By Sportingintelligence

6 February 2012

The NFL has the ‘fairest’ distribution of salaries across its 32 teams of any of the ‘big five’ US sports leagues (NBA, MLB, NFL, NHL and MLS) when you take into consideration the differential between the best paid team and the worst paid team. It is also much fairer than any major football (soccer) league.

This was one finding in the Sportingintelligence Global Sports Salaries Survey 2011, which was published in April last year and also revealed Barcelona and Real Madrid had overtake the NY Yankees as the world’s best paid sports team, and that the NBA is the world’s best paid league by average earnings per player.

In our 2011 report, we found that the best paid NFL team, the Washington Redskins, had average first-team pay of £1,736,648 per year in the 2010-11 season ($2,778,636), or £33,397 per week ($53,435), which was ‘only’ 1.79 times as much as the worst paid NFL team that season, the Tampa Bay Bucs (owned by the Glazers of Manchester United fame), where average first-team pay was £1,014,818 ($1,623,709) and weekly pay was £19,516 ($31,225).
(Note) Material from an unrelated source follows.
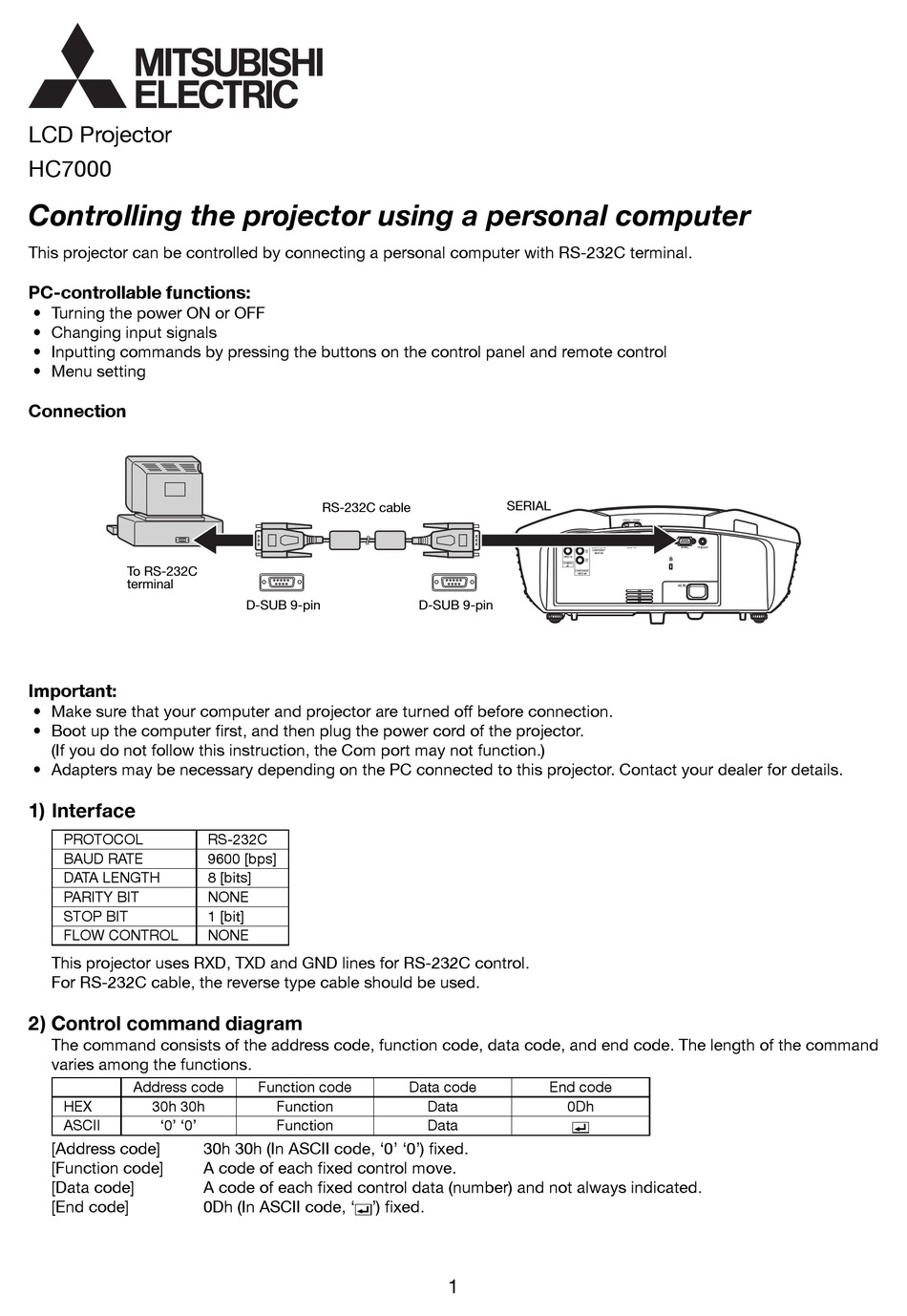 MITSUBISHI HC7000 PROJECTOR CONTROL MANUAL ManualsLib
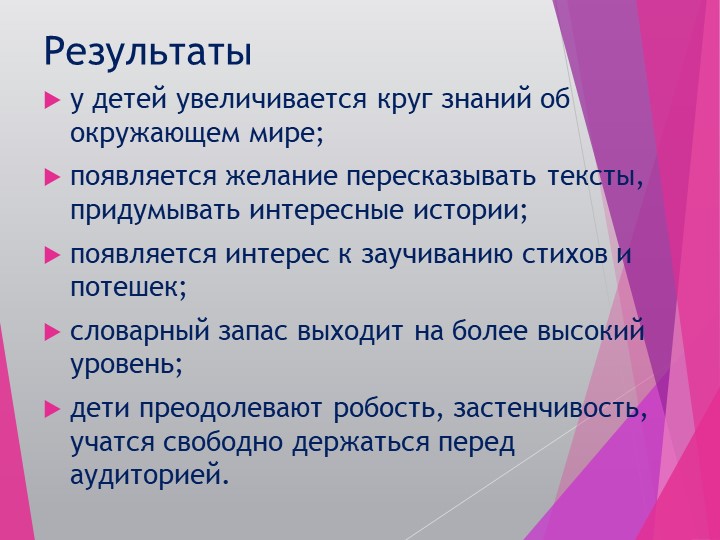 Использование мнемотехники при заучивании стихотворения.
That 1.79-1 ratio was better than in the other US sports although not hugely ahead of the NBA (1.96-1) and the NHL (1.99-1) while the MLB (6.38-1) had a bigger differential than the MLS (6.32-1).

For truly ‘unfair’ distribution, look no further than Spain’s La Liga (39.47-1) and Scotland’s SPL (34.2-1).

The fairest of all leagues considered in the full report of 14 leagues in 10 countries across seven sports, was Australia’s AFL Aussie Rules (ratio 1.08-1).

The full 78-page report contains an overview of pay per team and some rudimentary analysis league-by-league of the relationship between pay and performance in each league.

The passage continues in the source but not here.